[Work instruction] No pictures go into the copy. Write out every line below exactly.

[Supplied data]
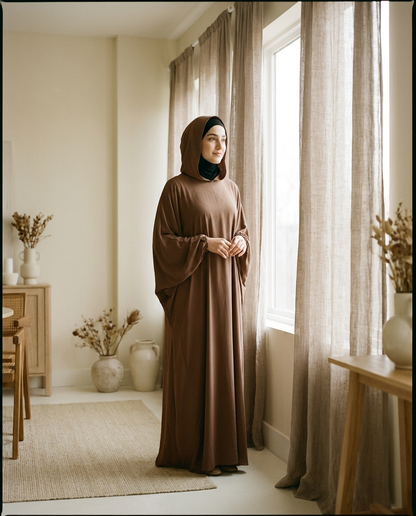 Woman wearing brown hooded abaya dress with hood up in a warm minimal interior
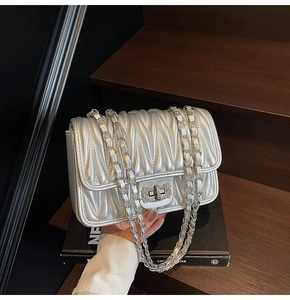 Detail der silbernen gesteppten Handtasche mit Strass-Schnalle und Kettenriemen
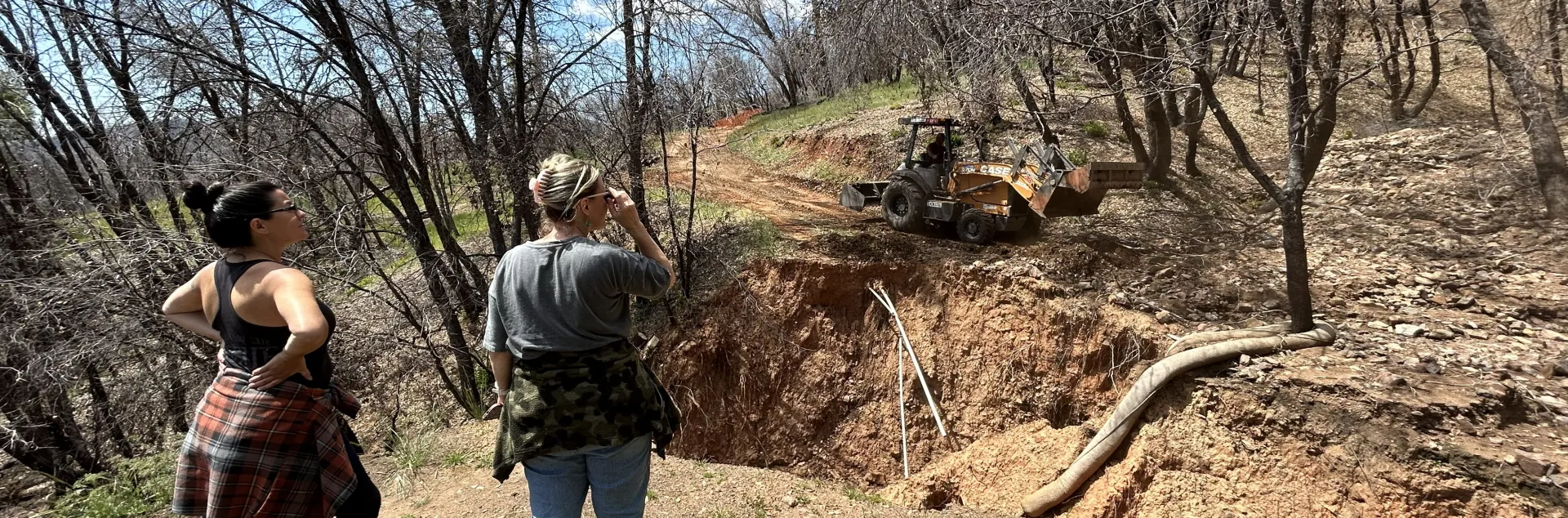 Two people examine erosion damage on a forest road.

[Response for this exercise]
 Woman wearing brown hooded abaya dress with hood up in a warm minimal interior
 Detail der silbernen gesteppten Handtasche mit Strass-Schnalle und Kettenriemen
 Two people examine erosion damage on a forest road.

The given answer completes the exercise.